By 2015, the Lenin Award had been given out for the seventh time, and for Lasse Diding it was time to summarize the discussion and debate that the award had given rise to so far. Read his thoughts below.
Jan Myrdal’s big prize – the Lenin Award has now been awarded seven times and for every year the discussion about this award has surged ever higher. The fact that intellectually admired cultural personalities like, in turn, Mattias Gardell, Roy Andersson, Maj Wechselmann, Sven Lindqvist, Maj Sjöwall, Jan Guillou and Mikael Wiehe, now have received this award have naturally provoked the right that for long believed to have secured the framework for what may be thought and said in the Swedish public arena. The award has shown that there are cracks in the wall and that it to some extent has proved possible to break the consensus of the inflated power.
When I, during a forest walk with Jan Myrdal in the forests around Skinnskatteberg in spring 2008, presented my ideas about a literary society in his name and a grand annually recurring award in his and Lenin’s name, it was in order to try once again to put on the agenda the major questions about whether a fair world is possible, as the whole of Jan’s authorship has had as a starting point. In any case, that was what I thought. That Jan and these issues had disappeared from the centre of social debate was something I wanted to try to change. For me, the Russian Revolution was also a symbol of the struggle of the labour movement, which dominated the history of the 20th century. It had undeniably failed in many ways, but was it a necessary failure? It seemed to me that Lenin was always at the heart of this movement and this battle of ideas and I considered the combination of Myrdal and Lenin to be an unsurpassed crowbar against the liberal hegemony of the Swedish idea debate, which at this time considered to have buried these revolutionary ghosts and issues for all eternity.
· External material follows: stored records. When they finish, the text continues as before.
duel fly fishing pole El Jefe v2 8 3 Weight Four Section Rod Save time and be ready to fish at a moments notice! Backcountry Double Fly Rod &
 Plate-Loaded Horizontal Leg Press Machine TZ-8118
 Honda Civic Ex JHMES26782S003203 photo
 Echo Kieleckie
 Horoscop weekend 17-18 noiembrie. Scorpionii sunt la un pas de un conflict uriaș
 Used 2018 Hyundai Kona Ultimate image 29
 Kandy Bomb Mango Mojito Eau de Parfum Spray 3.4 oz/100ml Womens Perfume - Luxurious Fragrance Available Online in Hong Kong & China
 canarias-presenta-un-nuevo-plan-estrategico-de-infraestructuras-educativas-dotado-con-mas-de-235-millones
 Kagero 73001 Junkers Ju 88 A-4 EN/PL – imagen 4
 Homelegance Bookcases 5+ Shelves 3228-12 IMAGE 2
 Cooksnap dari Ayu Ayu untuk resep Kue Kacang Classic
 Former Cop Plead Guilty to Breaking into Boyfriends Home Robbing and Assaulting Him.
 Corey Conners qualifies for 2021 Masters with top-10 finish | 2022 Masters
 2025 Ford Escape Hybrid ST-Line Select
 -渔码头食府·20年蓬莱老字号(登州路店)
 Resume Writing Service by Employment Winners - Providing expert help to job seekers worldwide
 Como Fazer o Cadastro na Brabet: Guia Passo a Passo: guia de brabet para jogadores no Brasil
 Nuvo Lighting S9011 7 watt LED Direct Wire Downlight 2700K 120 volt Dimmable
Jan was immediately on board and was not even intimidated by my background as a market player but explained that throughout his over 60 years as a writer he has worked towards a market that has chosen to publish or refuse his texts all according to the political situation. That’s how it is in a society like our late capitalist Sweden. After the go-ahead signal from Jan it was just to get started. At Jan’s wedding with Andrea Gaytán Vega on his 81st birthday on 19th July 2008, the birth of the society as well as the award was proclaimed to all the over 200 wedding guests and more than half of them immediately announced their interest in membership in this anachronistic society. At the time, there were probably not many who realized the impact the award would have and what strong forces the award would come to challenge and provoke.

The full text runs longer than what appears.